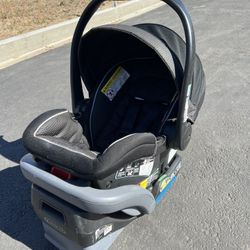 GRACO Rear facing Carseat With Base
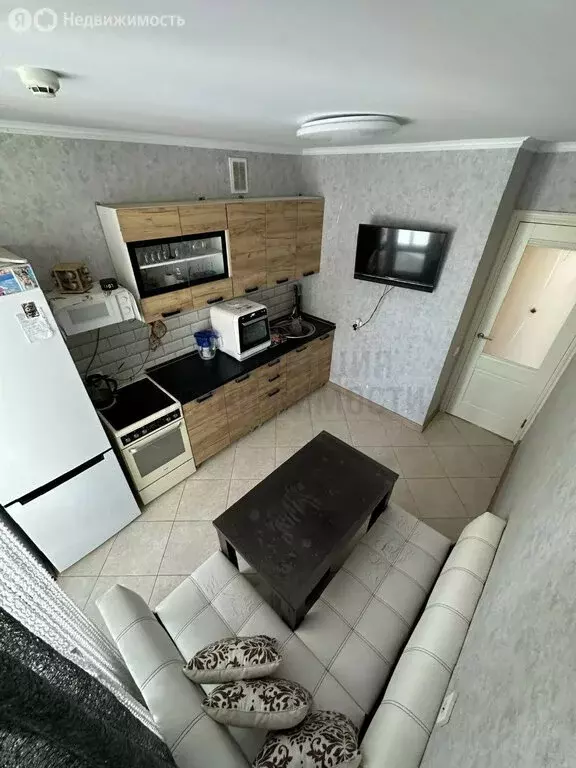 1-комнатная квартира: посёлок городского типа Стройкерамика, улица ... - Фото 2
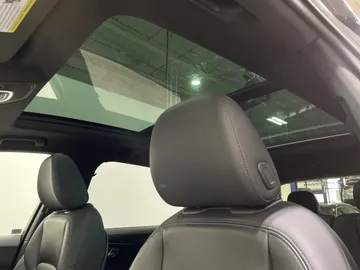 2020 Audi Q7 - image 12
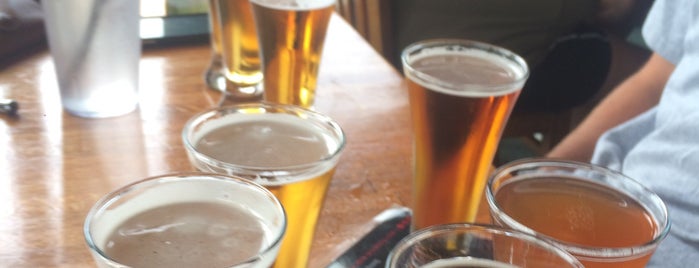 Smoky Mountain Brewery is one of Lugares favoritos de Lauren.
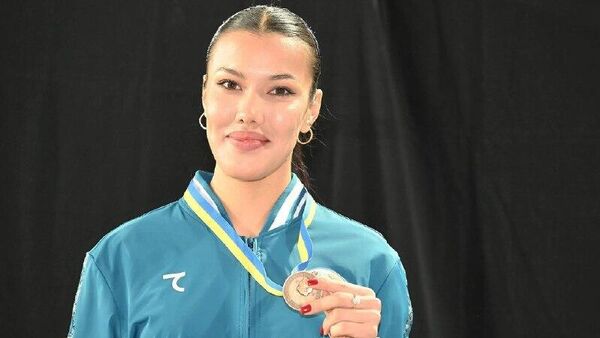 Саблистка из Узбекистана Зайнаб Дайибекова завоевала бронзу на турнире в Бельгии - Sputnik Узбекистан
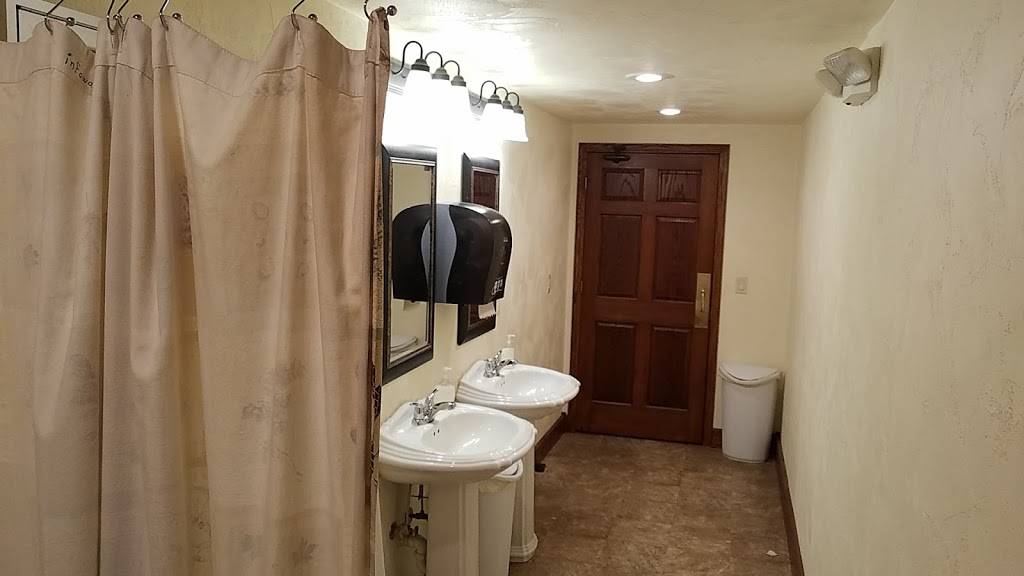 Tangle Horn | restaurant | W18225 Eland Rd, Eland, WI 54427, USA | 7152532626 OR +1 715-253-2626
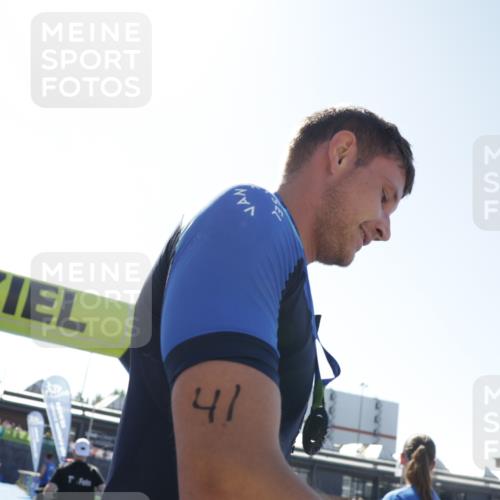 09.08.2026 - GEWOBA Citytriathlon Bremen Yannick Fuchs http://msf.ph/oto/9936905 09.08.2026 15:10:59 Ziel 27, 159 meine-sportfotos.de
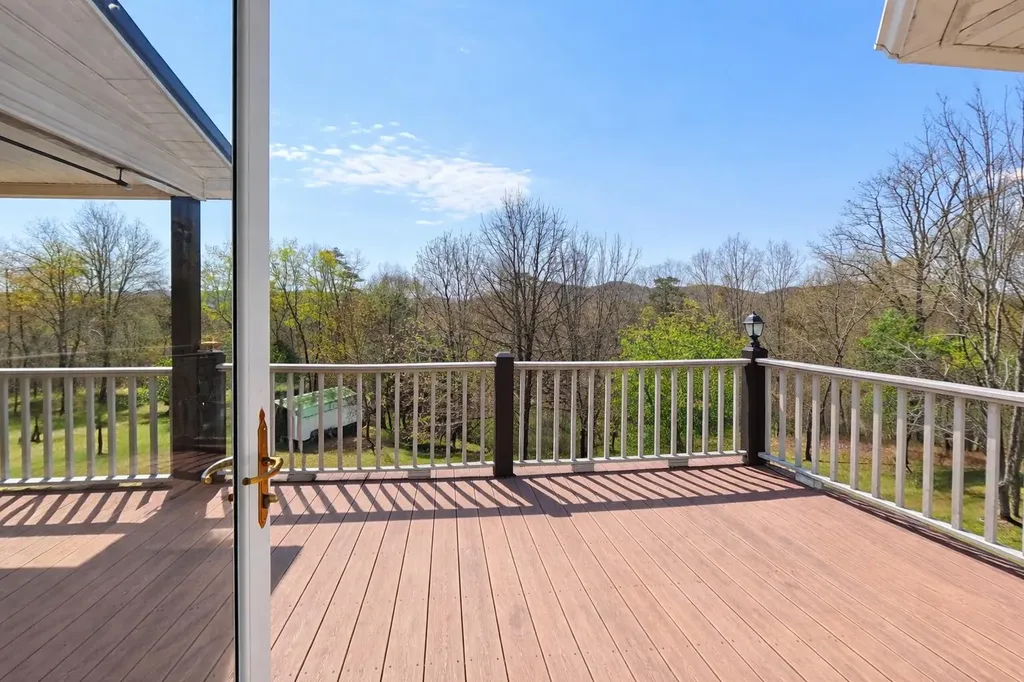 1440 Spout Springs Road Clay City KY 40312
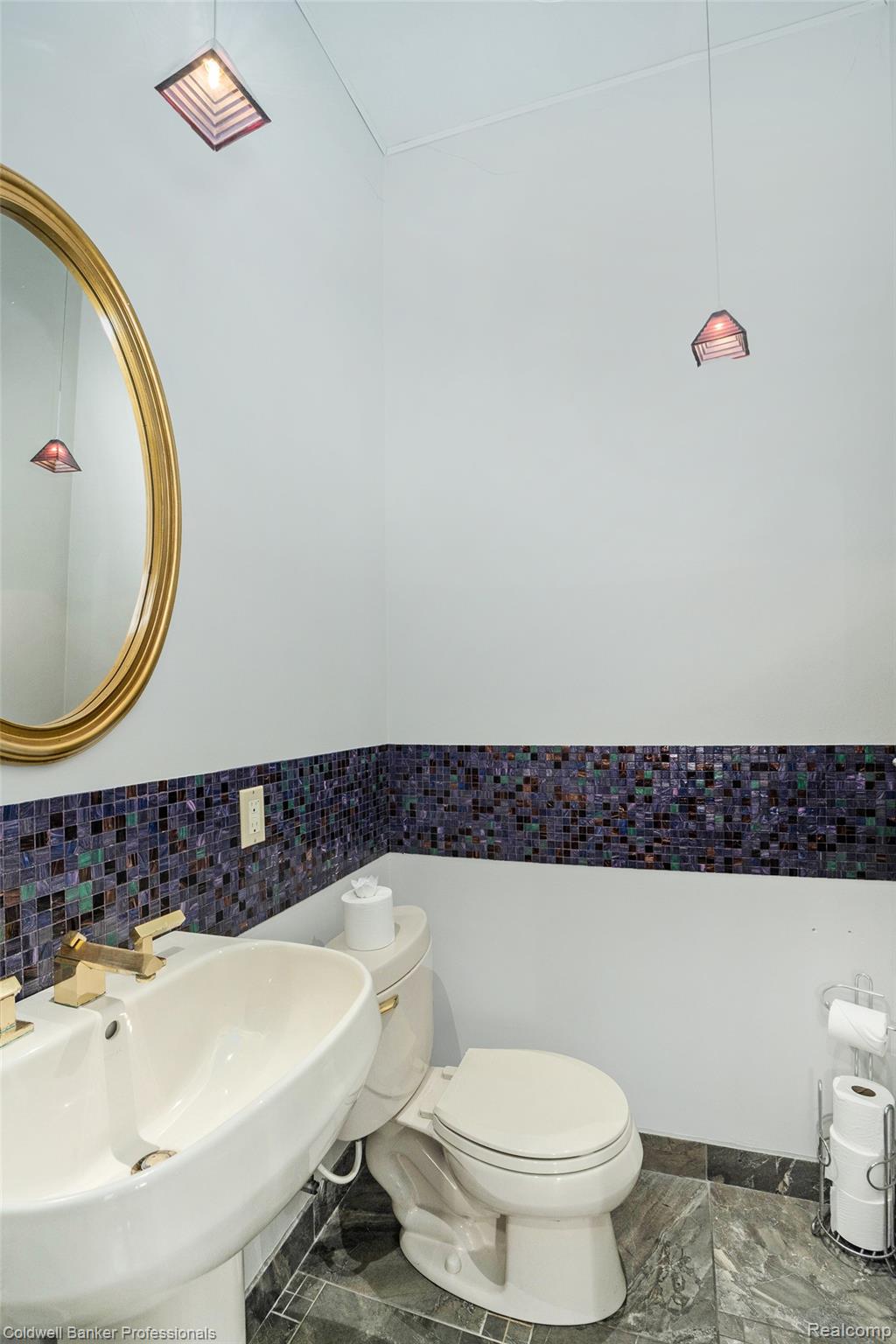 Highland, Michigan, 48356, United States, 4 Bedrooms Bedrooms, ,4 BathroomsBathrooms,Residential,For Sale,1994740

---

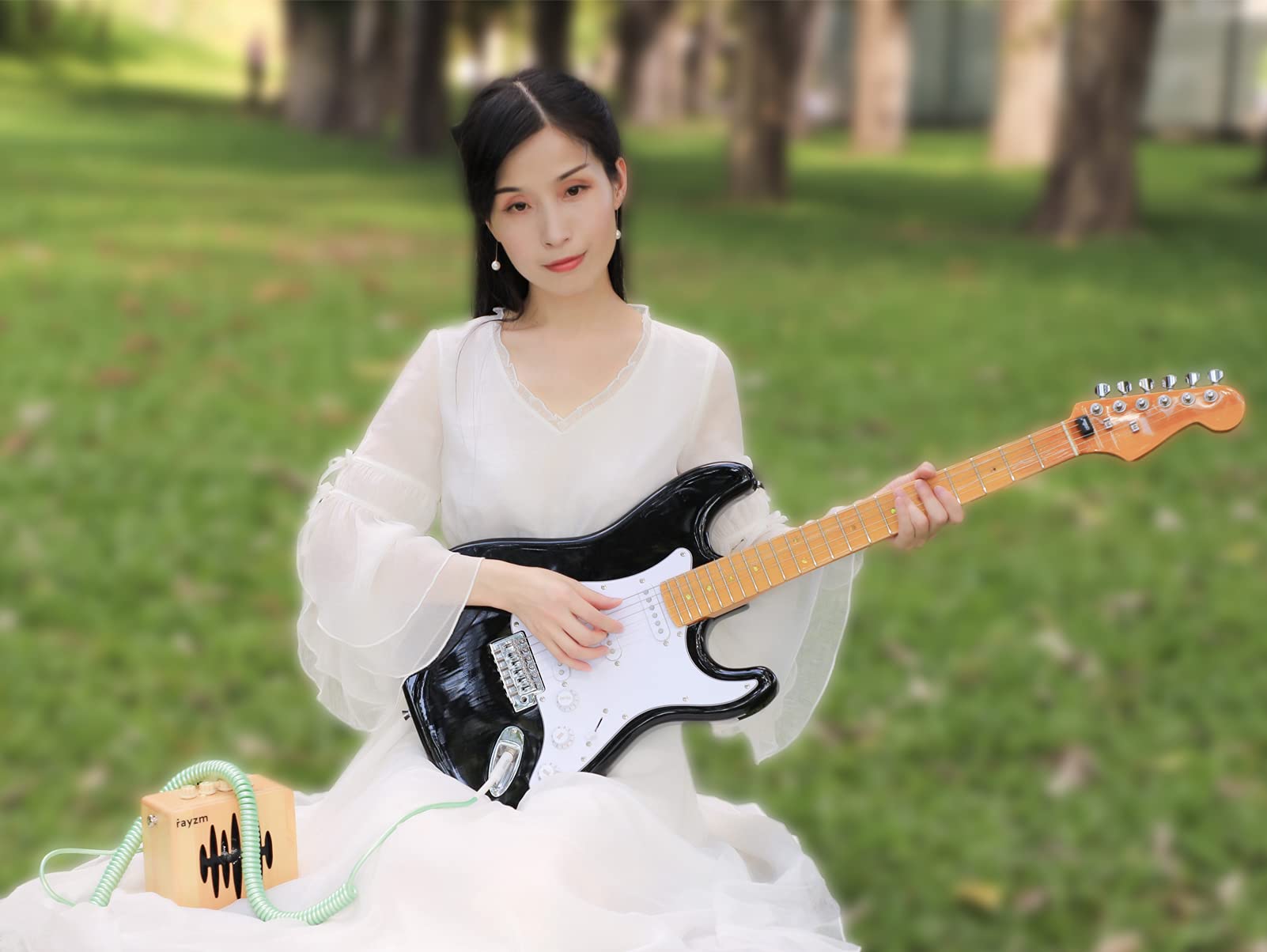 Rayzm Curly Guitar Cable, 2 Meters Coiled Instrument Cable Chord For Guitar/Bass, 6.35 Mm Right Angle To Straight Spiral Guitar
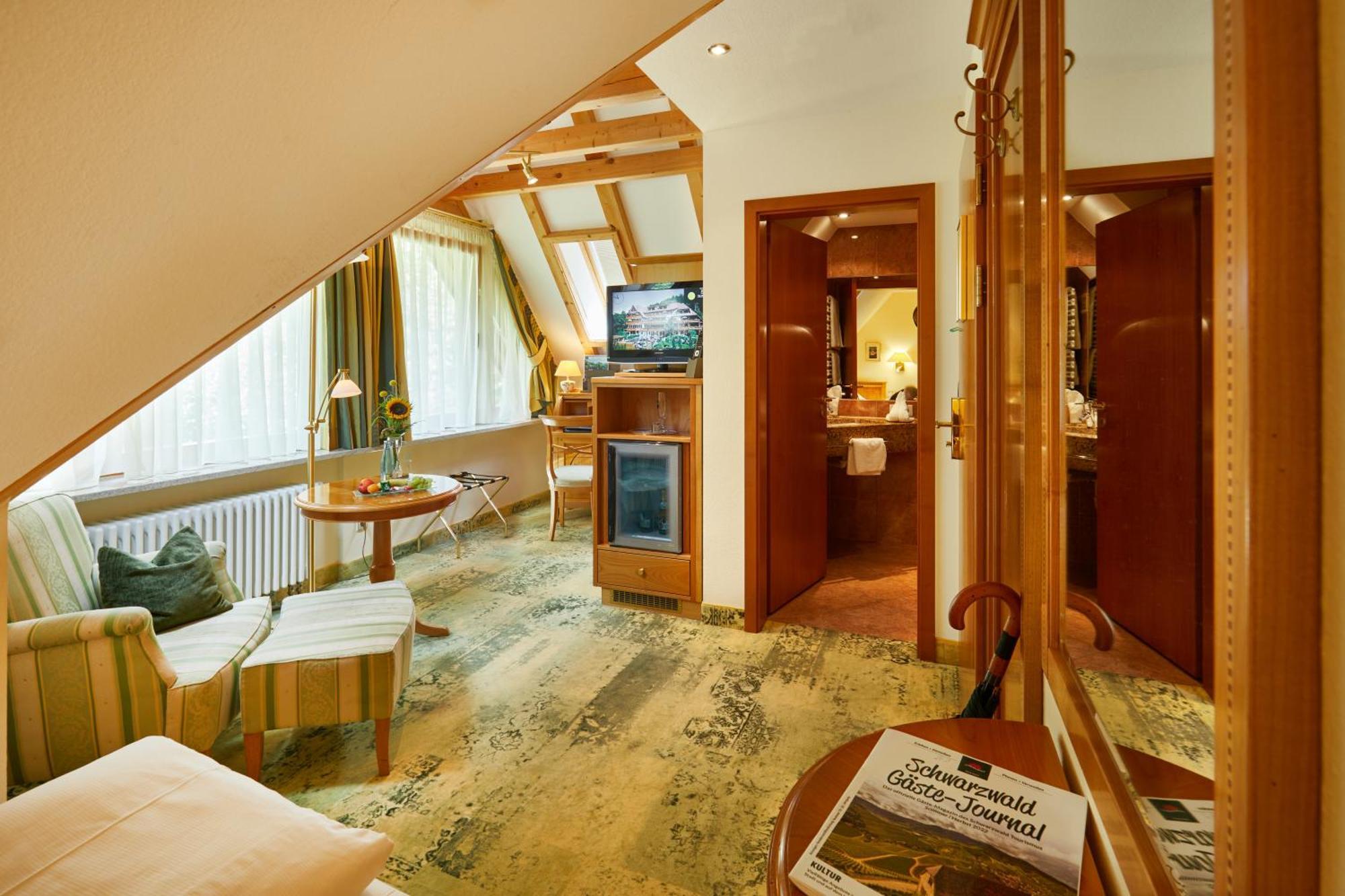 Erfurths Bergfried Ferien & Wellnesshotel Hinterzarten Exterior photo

...

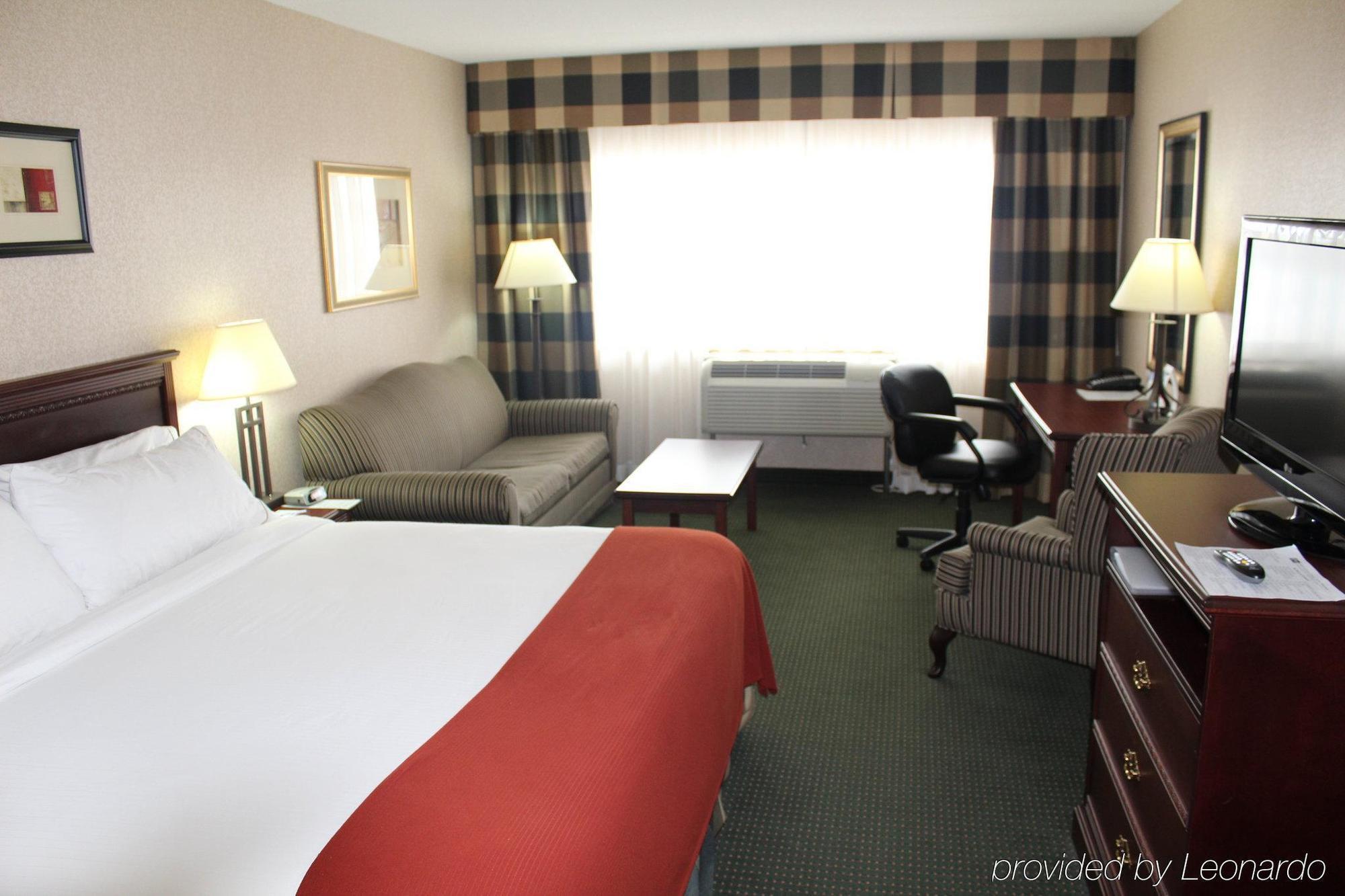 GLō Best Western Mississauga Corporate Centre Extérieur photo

| DESCRIPTION OF THE TASK |
Pictures excluded, transcribe the listing above exactly from the line with "GRACO Rear facing Carseat With Base" through the line with "Highland, Michigan, 48356, United", and no further.

| SOLUTION FOR THIS TASK |
 GRACO Rear facing Carseat With Base
 1-комнатная квартира: посёлок городского типа Стройкерамика, улица ... - Фото 2
 2020 Audi Q7 - image 12
 Smoky Mountain Brewery is one of Lugares favoritos de Lauren.
 Саблистка из Узбекистана Зайнаб Дайибекова завоевала бронзу на турнире в Бельгии - Sputnik Узбекистан
 Tangle Horn | restaurant | W18225 Eland Rd, Eland, WI 54427, USA | 7152532626 OR +1 715-253-2626
 09.08.2026 - GEWOBA Citytriathlon Bremen Yannick Fuchs http://msf.ph/oto/9936905 09.08.2026 15:10:59 Ziel 27, 159 meine-sportfotos.de
 1440 Spout Springs Road Clay City KY 40312
 Highland, Michigan, 48356, United States, 4 Bedrooms Bedrooms, ,4 BathroomsBathrooms,Residential,For Sale,1994740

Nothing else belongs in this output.